Varo's career didn't take off until she moved in with Gruen in 1952. He saw in the red-haired beauty an unusual talent and gave her the financial and emotional stability she needed to paint full time. They lived together until Gruen was called one day at work in early 1963 and told that Varo had collapsed. He raced home, and she died in his arms at age 54.

Over the following 25 years, Gruen slowly amassed his collection of her work and promoted her tirelessly. A 1994 retrospective that he organized at Mexico City's Museum of Modern Art still holds the museum's attendance record.

Gruen himself set the wheels of Mexican justice moving when he went to court in 1987 for what he thought would be routine copyright protection for his Varo collection. The easiest way to get the copyright was to be declared the legal heir of Varo, who died without a will. This approach made sense for Gruen: Mexican law deems those who live together for more than five years to be common-law spouses, or in Mexican legal parlance, "concubines." The concubine status was originally designed to protect women who had lived for years with Mexican men who then died intestate, but it applies to men, too.

A Mexican judge, however, denied Gruen his concubine rights on a technicality: Varo had not formally divorced her second husband, Benjamin Peret, a French surrealist poet. Gruen dropped his claims and the case was forgotten.

In 1999, however, a government lawyer stumbled onto the file and tried to seize the paintings on behalf of Mexico, arguing that Gruen was not Varo's legal heir, so his Varo paintings were up for grabs. Another judge agreed, ignoring Gruen's pleas that he had built up the collection after Varo's death and that none of it was part of her estate.
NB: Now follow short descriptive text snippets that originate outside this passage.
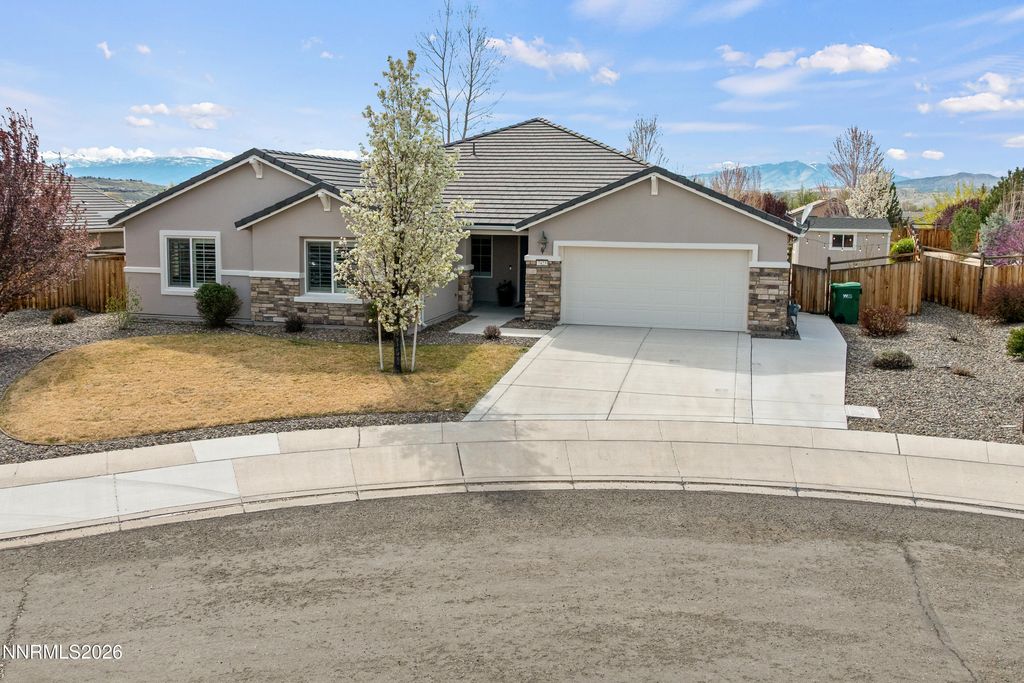 7423 Comet Court, Sparks, NV 89436
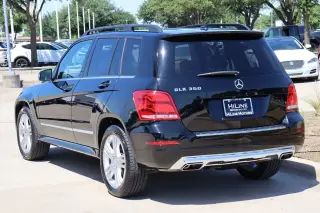 2015 Mercedes-Benz GLK 350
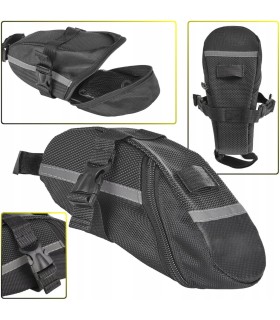Torba – sakwa rowerowa tylna pod siodełko
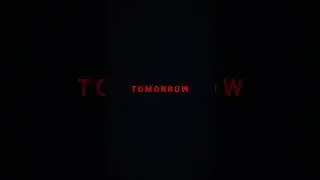 Tomorrow .. #drdisrespect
But proving he bought the paintings in the eyes of Mexican law has been tough. In the late 1960s, few in Mexico bothered to write receipts, especially in art circles. Gruen, who made his money from a classical music store he owned in Mexico City, put together other evidence. He inherited seven of the paintings from a Swiss expatriate, photographer Eva Sulzer, and Sulzer's will named Gruen as her heir. The judge recently rejected the will as evidence, saying that it was a "private" and not "public" document.

Ana María Chávez, the former owner of a Varo painting titled "Creation of the Birds," testified that she had sold her painting to Gruen in 1986, and presented a copy of Gruen's US70,000 check. The judge, Margarita Gallegos, again turned down the evidence, writing in a March ruling that "none of this can be conceived as proof of ownership."

That decision set off a firestorm. The entire law faculty at the National Autonomous University of Mexico (UNAM), blasted the judge in a full-page newspaper ad that ran all over Mexico. "The judge is either corrupt or incredibly ignorant," says Norka Lopez, a professor of law at the university.

By law, Judge Gallegos can't speak publicly about the case. But Wulfredo Álvarez, a lawyer for Varo's niece, says that many of the judge's initial findings in the case have been supported on appeal. "We can't have bought off that many judges," Alvarez says.

In another twist of fate, the government's attempt to seize the paintings backfired. In 1999, a court ruled that the government had to seek out the late painter's next of kin before taking the paintings. So the government took out newspaper ads in Mexico and Spain. Varo's niece, Beatriz Varo, was contacted by a relative who spotted the ad.

The niece, an interior designer, quickly filed suit to claim the works as part of her aunt's estate. She says Gruen has lied about purchasing the paintings and took possession of them when her aunt died. Fearing that the collection would leave the country, the Mexican government did a flip-flop. Now it is arguing in court that Gruen is indeed the sole owner and that the niece has no right to the paintings.

Gruen, visibly tired and perplexed by the Mexican legal system, has long since stopped trying to keep the paintings for himself. His only daughter and possible heir from a second marriage, Isabelle, died in a 1998 car crash. Gruen has agreed to give the entire collection to the Museum of Modern Art on the condition that the collection be named after his daughter.

Both Gruen and the Mexican government are appealing the recent decisions in favor of the niece. Judge Gallegos has also ruled that the museum and Gruen must give Varo's niece any money made from Varo exhibits there over the past two decades.

Since the Mexican government wants to block the paintings from leaving the country, Varo's niece says she is willing to sell. "I have great respect for the Mexican legal system," she says.